(Task requirements): Transcribe all the lines below exactly. Omit the pictures.
[Source material Boundary: Start]
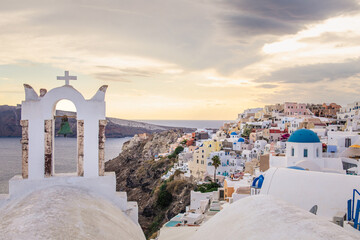 Scenic view of Oia, Santorini, Greece, featuring the iconic three domes viewpoint, colorful houses, and the Aegean Sea. Horizontal shot with a cloudy sky, perfect for honeymoon or wedding destination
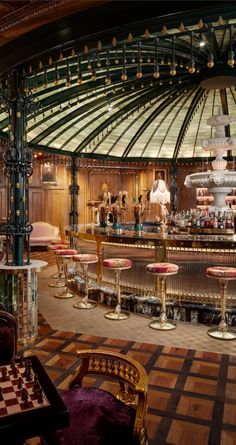 the inside of a restaurant with tables, chairs and a large chandelier above it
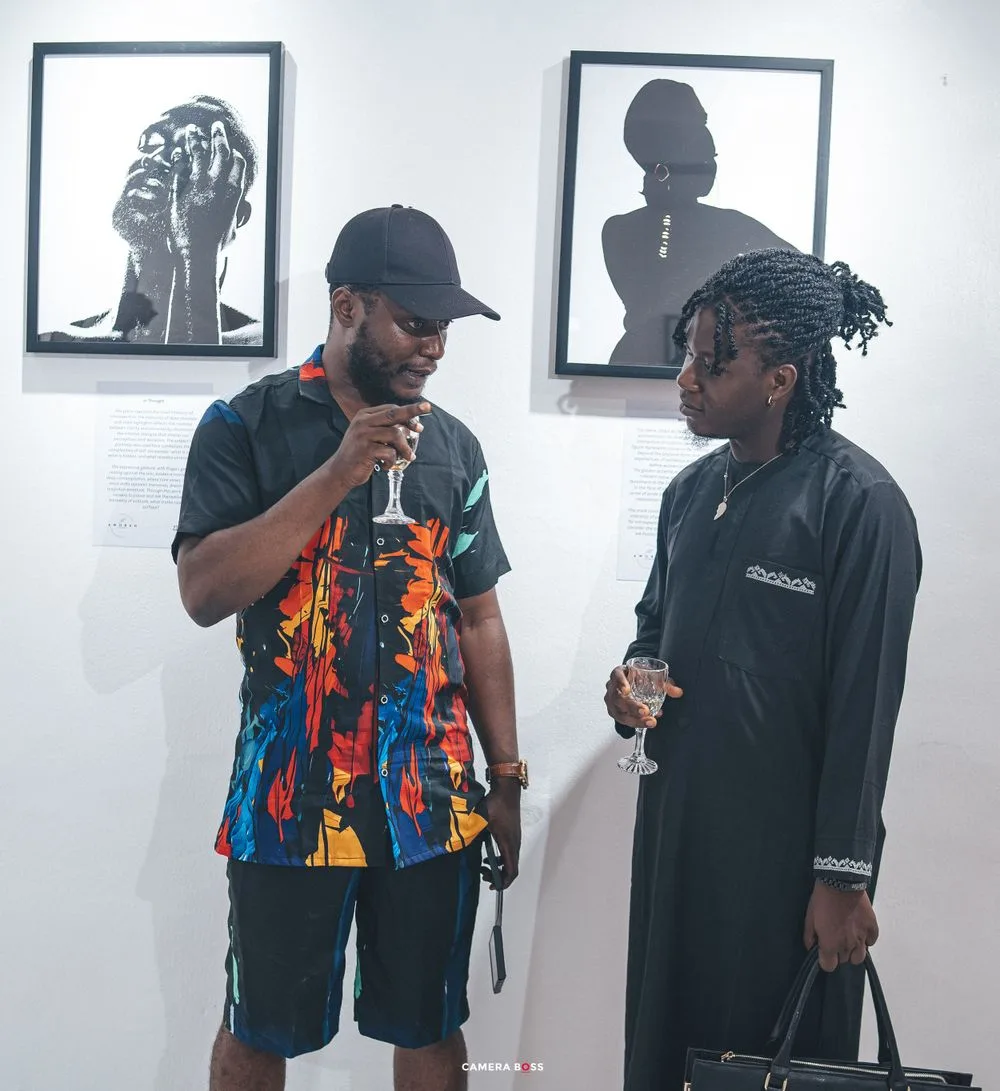Two people having a conversation while standing in front of black and white framed artwork displayed on a white wall.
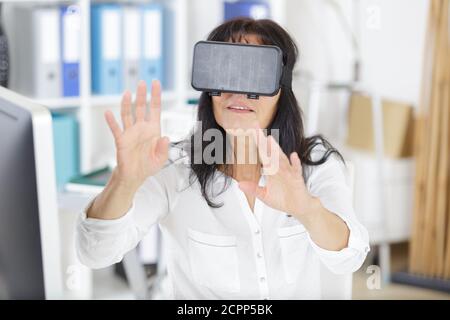 woman using laptop via virtual reality glasses Stock Photo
[Source material Boundary: End]
(Answer space):
 Scenic view of Oia, Santorini, Greece, featuring the iconic three domes viewpoint, colorful houses, and the Aegean Sea. Horizontal shot with a cloudy sky, perfect for honeymoon or wedding destination
 the inside of a restaurant with tables, chairs and a large chandelier above it
Two people having a conversation while standing in front of black and white framed artwork displayed on a white wall.
 woman using laptop via virtual reality glasses Stock Photo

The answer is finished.